En el primer tiempo, el equipo no mostró prácticamente nada. Sin volumen de juego y con poca claridad a la hora de crear situaciones de peligro,  se pudo ver la misma cara que en el deslucido partido ante el Bohemio.. River apenas llegó con un tiro desde afuera de Cavenaghi. Y nada más. Huracán manejó el ritmo y hasta pudo ponerse en ventaja. El equipo de Almeyda no abría la cancha, no se asociaba en corto y era previsible. Cuando su técnico (que siempre va al frente con los cambios) decidió pegar un golpe de timón, River pudo sacar el partido adelante.

César González no venía jugando por el campeonato. Y fue clave su ingreso. Porque salieron los laterales (Abecasis y Vella, una fracaso fue la apuesta del Tano como 3) y el venezolano se paró como 7/8. Fue el último peldaño tras las pisadas donde sirven de Cirigliano y el pase de Domínguez. Su tiro/centro dio en Hernán González y ahí comenzó a allanarse el camino. 1-0 y un poco de paz.

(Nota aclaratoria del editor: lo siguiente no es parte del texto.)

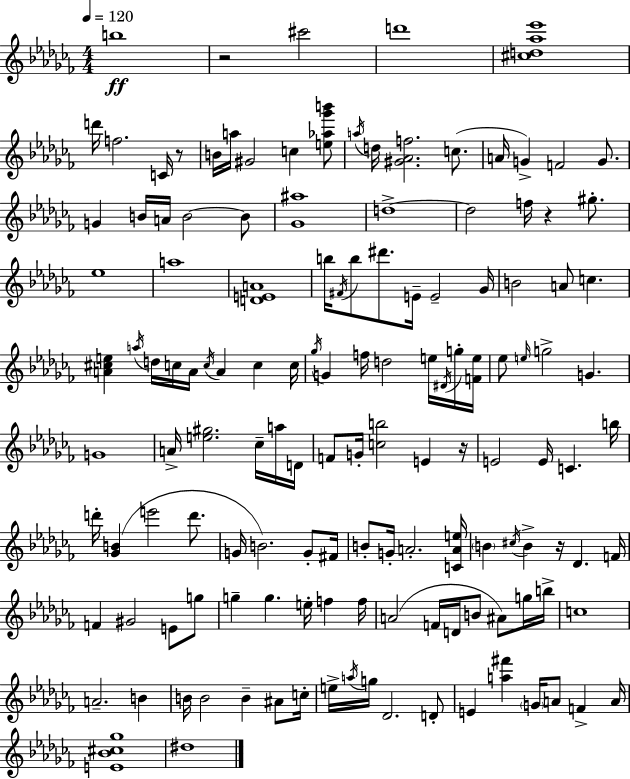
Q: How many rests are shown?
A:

La expulsión de Ferrero calmó las aguas. El Globo ya no molestó más y River, ya con el tridente en cancha y con un hombre más, lo liquidó. El Chori, ya bien definido como enganche, habilitó a Cavenaghi para definir la cuestión.  Como si se tratara de un acto de magia, cuando River se pone en ventaja, el juego del equipo crece. Y los ingresos también ayudaron a modificar el panorama.

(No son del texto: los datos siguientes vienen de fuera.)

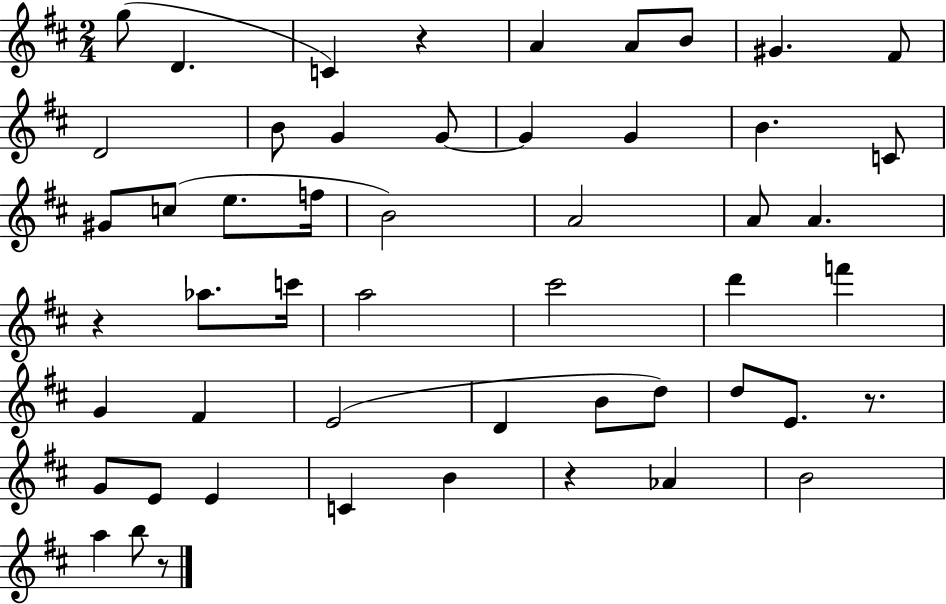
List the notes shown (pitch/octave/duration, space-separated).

Sin brillar, una vez más, los de Almeyda consiguieron quedarse con tres puntos de oro. Desinflado, ante un Globo que dejó en claro por qué está en el lugar que está, River consiguió lo que necesitaba con urgencia. El camino es largo, quedan cosas por mejorar, está a la vista, pero lo cierto es que hoy en el Monumental, el Millo se quedó con el triunfo más esperado del campeonato. Y que ahora se venga Instituto.